Building the waterloo monument
The ‘first’ Waterloo Monument, a pyramid built in 1815 to the design of William Burn fell down ‘with a tremendous crash’ only a year after construction. The existing monument in the form of a ‘Triumphal Column’ was designed by Archibald Elliot and construction began in 1817, taking 10 years to build, with the whinstone quarried locally. The wooden gallery and spirelet on top were added by the 8th Marquis in 1867, to the design of John Hungerford Pollen, the Pre-Raphaelite architect. There is an internal spiral staircase which gives access to this elevated viewing platform.
The inscription inlaid in letters of lead on the base reads:
To The Duke of Wellington And The British Army William Kerr VI Marquess of Lothian And His Tenantry Dedicate This Monument XXX June MDCCCXV
Climb to the top for a spectacular view
For a nominal charge you can borrow a key from the Lothian Estate Office at Bonjedward (phone 01835 862201), climb the internal stairs to the viewing platform and revel in the breathtaking views of the Borders. Remember to take a torch as there is no lighting in the monument. I’ve climbed it once with my son, who raced to the top. I am neither fond of heights or spiral staircases, so it was a slow climb for me and an even slower descent – but worth every agonising moment for the view from the top. The viewing platform is completely enclosed with a strong mesh netting (to keep you in and the birds out) but even then we could feel the force of the wind. You can count yourself as “one of the few” if you make it to the top of the monument. But even if you don’t the 360 view from its’ base is still spectacular.. Rest a while on the bench or explore the remains of two forts, one from the Iron Age and the other from the Dark Ages, before heading back down for some well earned refreshments at Woodside Walled Garden or Harestanes.
How to Find Harestanes Countryside Visitor Centre
Harestanes Countryside Visitor Centre, Nr Ancrum, Jedburgh TD8 6UQ.
Situated just off the A68, north of Jedburgh, and is easily accessible from all the Border towns. From the A68, at the turning almost opposite the road to Ancrum, take the B6400 (signposted to Nisbet) and take the right turn after about 700m and follow the signs. There is a free carpark.

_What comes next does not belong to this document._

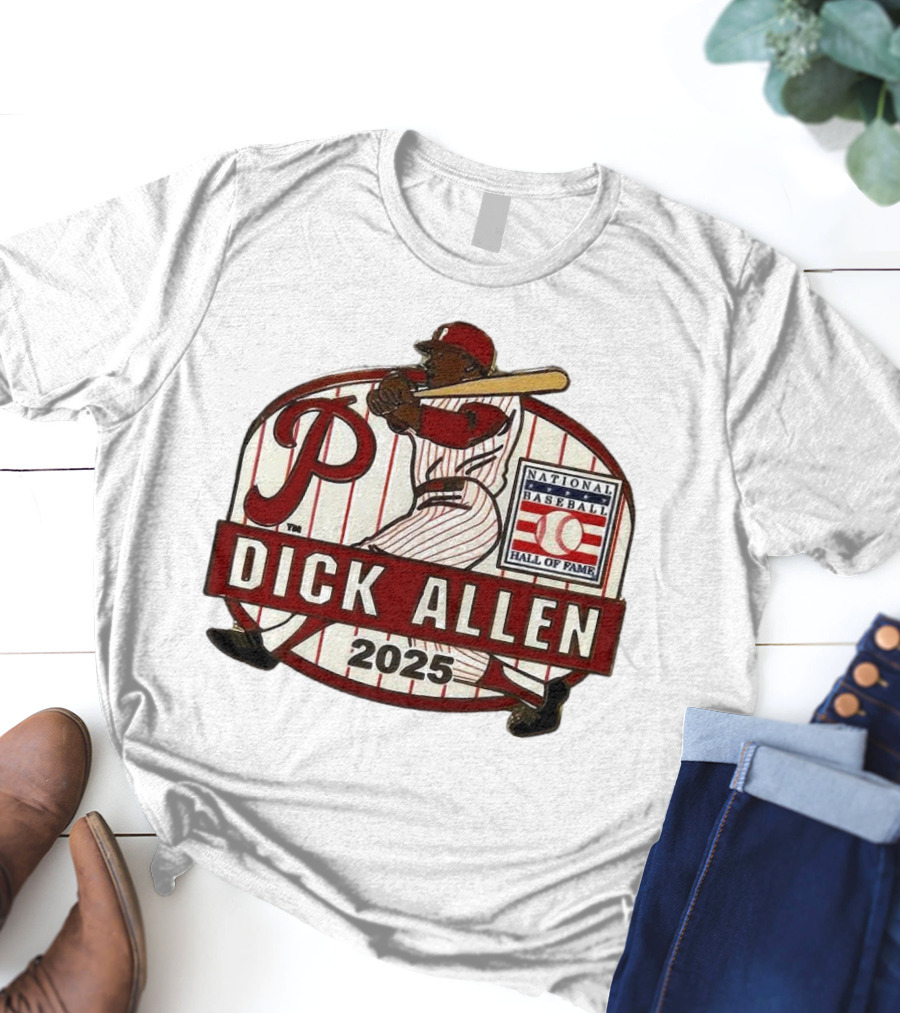 Dick Allen Philadelphia Phillies Hall Of Fame National Baseball 2025 Collector’s T-Shirt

The nearest request stop for buses is at the A68/B6400 junction, 15 minutes walk from Harestanes. The B6400 is a quiet road with no pavement.
Harestanes is on St Cuthbert’s Way, one of Scotland’s most popular long distance paths.
Open every day:
10am to 5pm daily from Thursday 24th March – Monday 31st October 2016
Access routes are open all year
Scottish Borders Council publishes Paths Around Jedburgh and Dere Street Roman Road. Route 11 covers the Waterloo Monument, Folly Loch and Monteviot House & Garden. It can be downloaded for free by clicking on the link above or purchased at visitor centres.